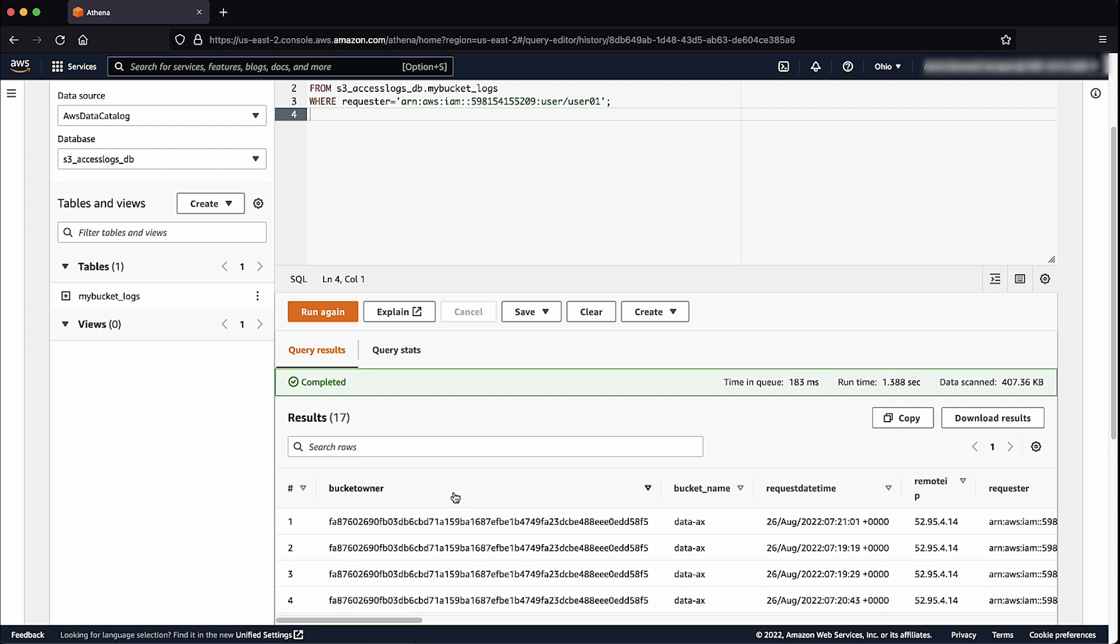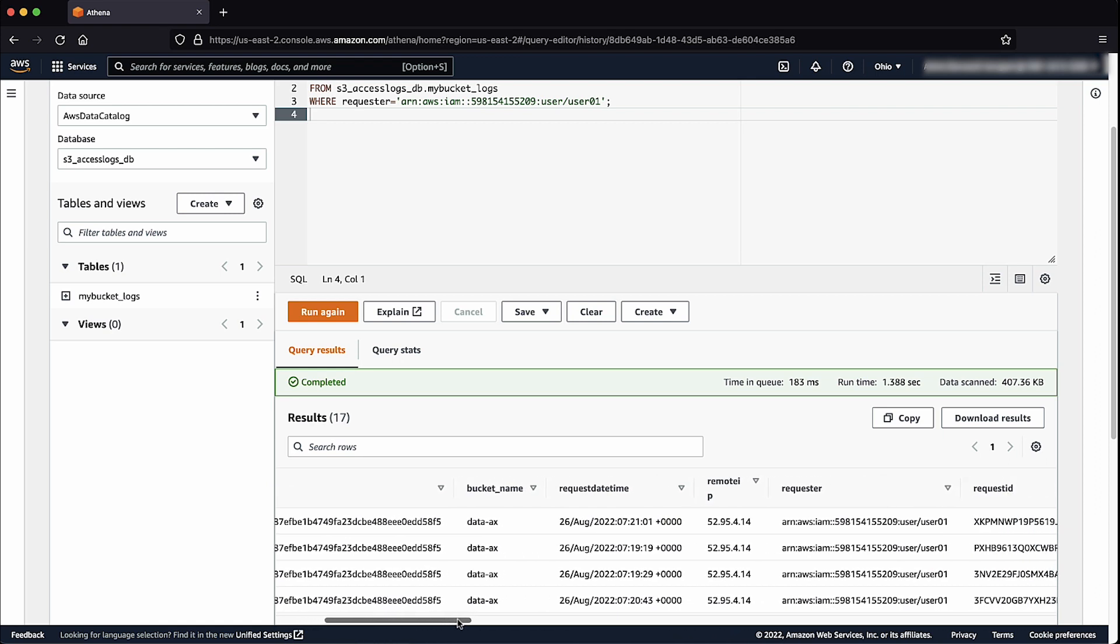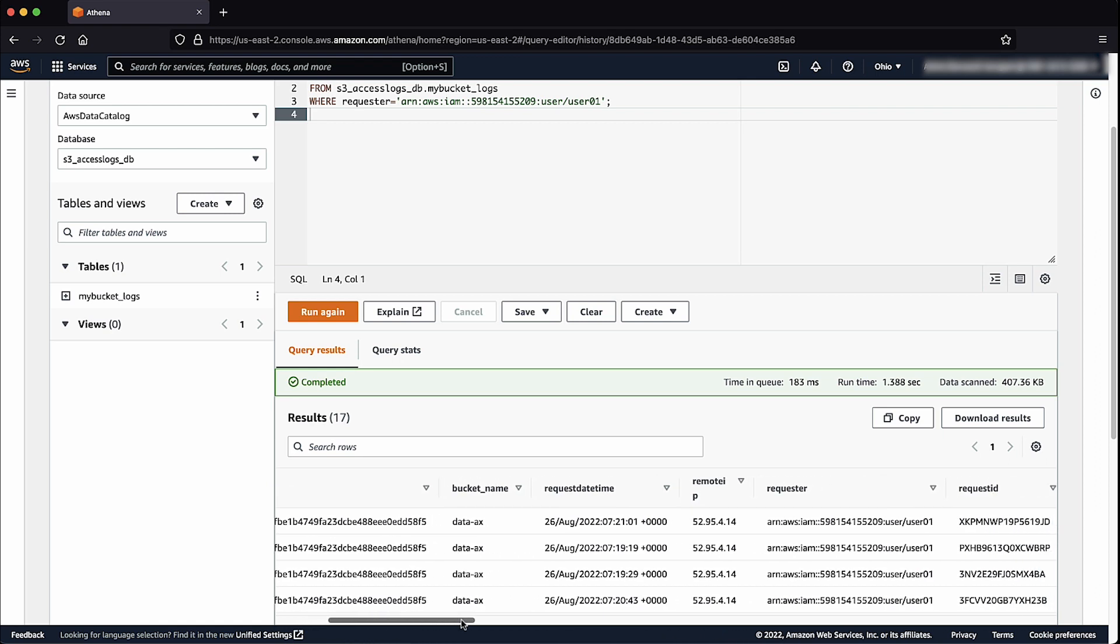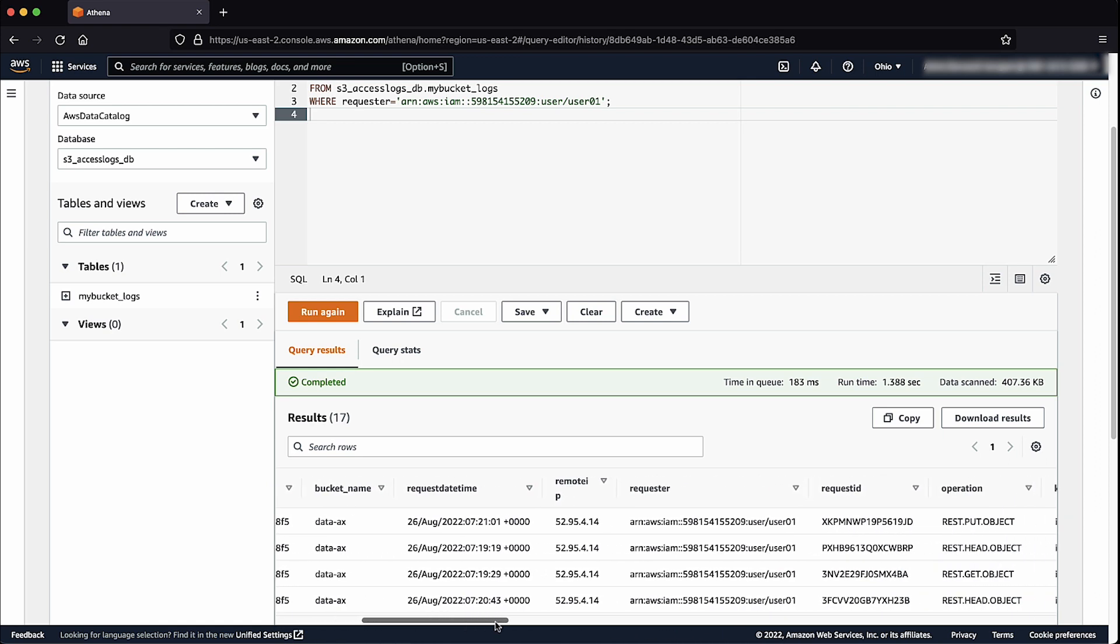We can see the bucket name, timestamp, source IP address, requester, operations, and so on.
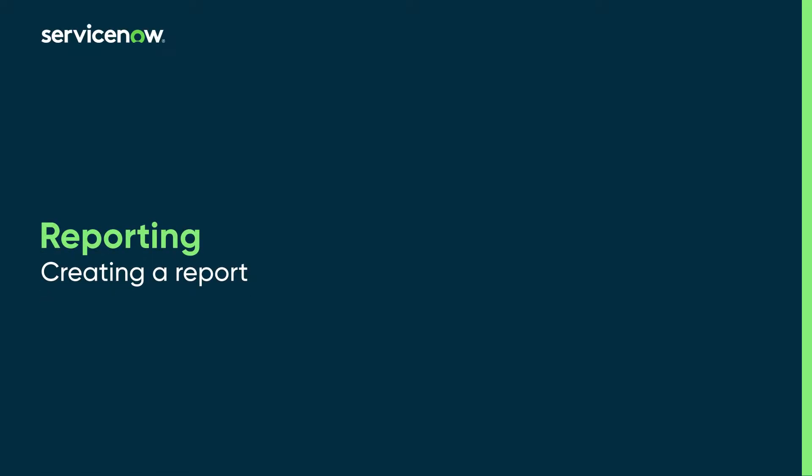This video shows how to use Report Designer to create and share high-quality, real-time reports.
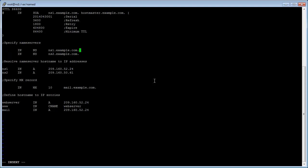Update the serial number value near the top of the file following the yyy mm ddss format. To save the updated zone file press escape and execute with a colon w and press enter.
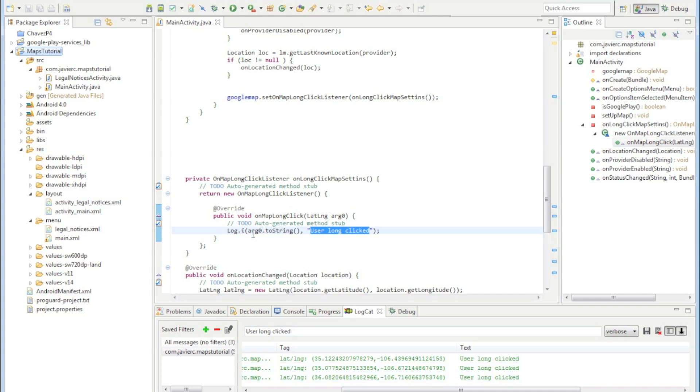We're going to be filling out this long click and what we're going to do there is we're just going to toggle the satellite on and off and toggle the traffic so you can see the traffic. All right, I'll talk to you guys later.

What needs to be done - In your copy, include no pictures; print every line above exactly.

Finished exercise -
We can see the bucket name, timestamp, source IP address, requester, operations, and so on.
This video shows how to use Report Designer to create and share high-quality, real-time reports.
Update the serial number value near the top of the file following the yyy mm ddss format. To save the updated zone file press escape and execute with a colon w and press enter.
We're going to be filling out this long click and what we're going to do there is we're just going to toggle the satellite on and off and toggle the traffic so you can see the traffic. All right, I'll talk to you guys later.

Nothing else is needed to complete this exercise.